◆ Task prompt
What you return must match the listing below character for character, minus any pictures.
☆ ☆ ☆ ☆ ☆ ☆ ☆
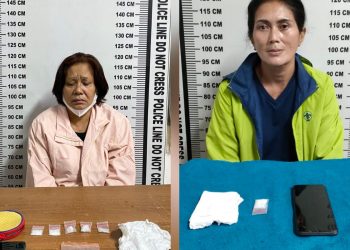 Ke dua wanita itu, Marini dan Betna Sianipar beserta seluruh barang bukti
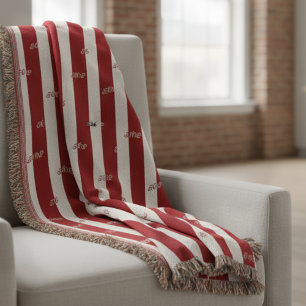 Minimalist Striped Modern Jacquard Custom Initial  Throw Blanket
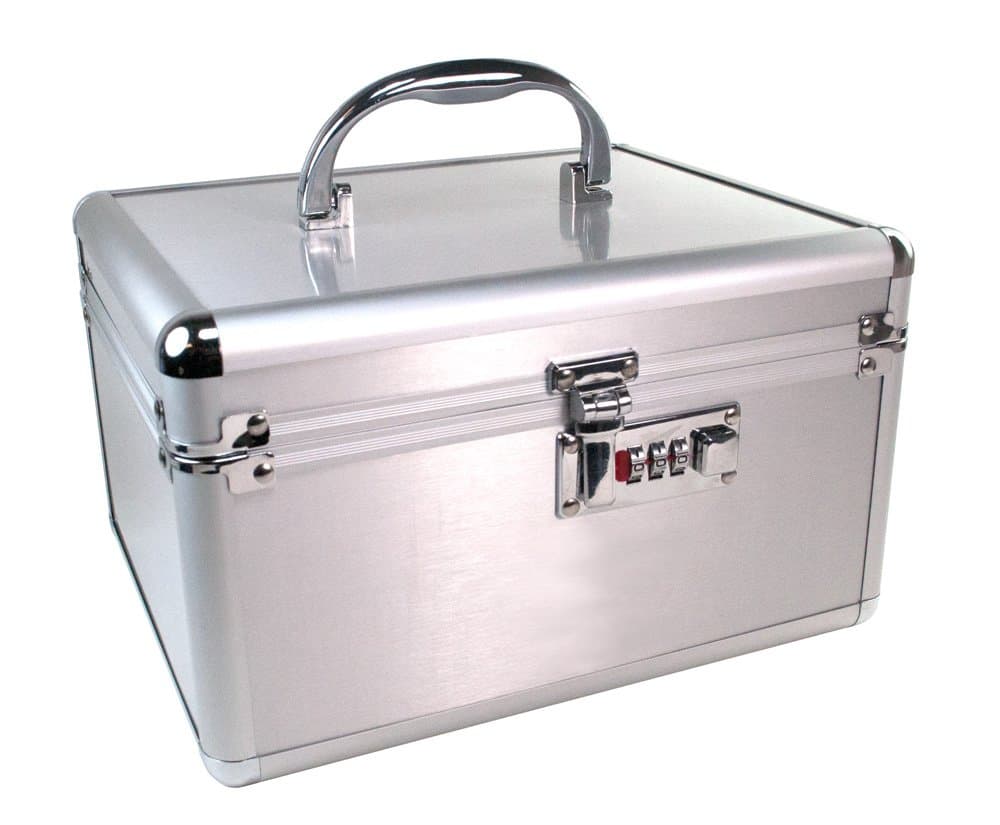 GMS Medication and Security Lock Box with New and Improved Metal Locks for Safe Storage of Prescriptions, Pills, Vials and Medications (Combination Lock)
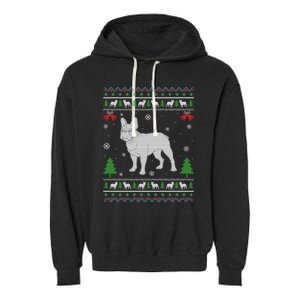 Ugly Xmas Design French Bulldog Ugly Christmas Sweater Funny Gift Garment-Dyed Fleece Hoodie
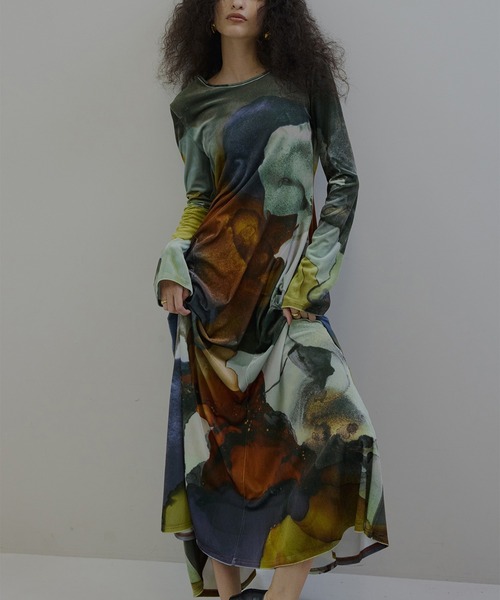 2WAY RUST INK ART VELOUR DRESS（ワンピース）｜Ameri（アメリ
☆ ☆ ☆ ☆ ☆ ☆ ☆
◆ Task output
 Ke dua wanita itu, Marini dan Betna Sianipar beserta seluruh barang bukti
 Minimalist Striped Modern Jacquard Custom Initial  Throw Blanket
 GMS Medication and Security Lock Box with New and Improved Metal Locks for Safe Storage of Prescriptions, Pills, Vials and Medications (Combination Lock)
 Ugly Xmas Design French Bulldog Ugly Christmas Sweater Funny Gift Garment-Dyed Fleece Hoodie
 2WAY RUST INK ART VELOUR DRESS（ワンピース）｜Ameri（アメリ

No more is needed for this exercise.